Like many of Welles’ films, it’s about a powerful man who uses his money and influence to attempt to control those around him, and it is equally about stories and storytelling, with Clay himself taking the role of director. Also like Welles’ previous European films, much of the film is post-dubbed, with Welles himself providing the voices of some of the minor characters (such as Fernando Rey, who is in a brief scene plays a part of the town’s chorus of merchants who give us Mr. Clay’s history).

In other ways it is very different. Welles was famous for his elaborate camerawork and bold images staged in both foreground and background and visual contrasts of light and dark. This film, his first shot in color, is more unadorned, with the camera mostly still, the sets austere and stripped down, and the compositions more flattened on a shallow plane. It also features the first genuinely erotic moments in Welles films when the sailor and the woman make love, a scene that features close-ups and a cinematic intimacy that contrasts with the distance that Welles takes with the other scenes. This is a rumination on art and reality and stories and it is dreamlike and ephemeral and introspective.

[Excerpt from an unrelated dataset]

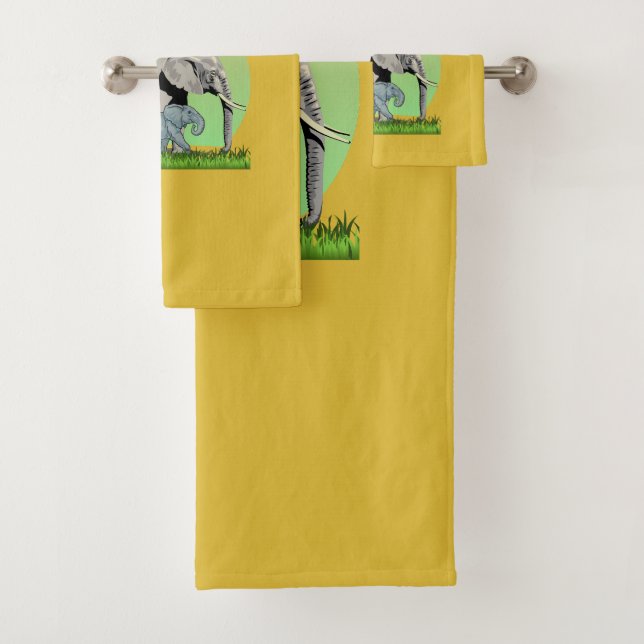 Experience Africa Bath Towel Set (Insitu)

While it can be considered a minor work by Welles, at least in comparison to his celebrated masterpieces, it is his final completed dramatic feature (his subsequent features are both essay films) and a small jewel of a film that shows a different aspect of the filmmaker. It used to play in arthouse repertory calendars paired with Luis Bunuel’s Simon of the Desert (which also ran just under an hour) and essentially disappeared with the demise of repertory cinema.

Never before on home video in the US, the film debuts on Blu-ray and DVD in a special edition from Criterion mastered from a new 4K master from the original 35mm camera negative. The disc features the alternate French language version, which is about minutes shorter and dubbed; Jeanne Moreau’s voice is in both versions but Welles’ voice is dubbed over by another, anonymous actor. Also features commentary by film scholar Adrian Martin, the 1968 documentary Portrait: Orson Welles by François Reichenbach and Frédéric Rossif, and interviews with actor Norman Eshley, cinematographer Willy Kurant, and film scholar François Thomas, plus a fold-out insert with an essay by the perceptive Welles critic Jonathan Rosenbaum.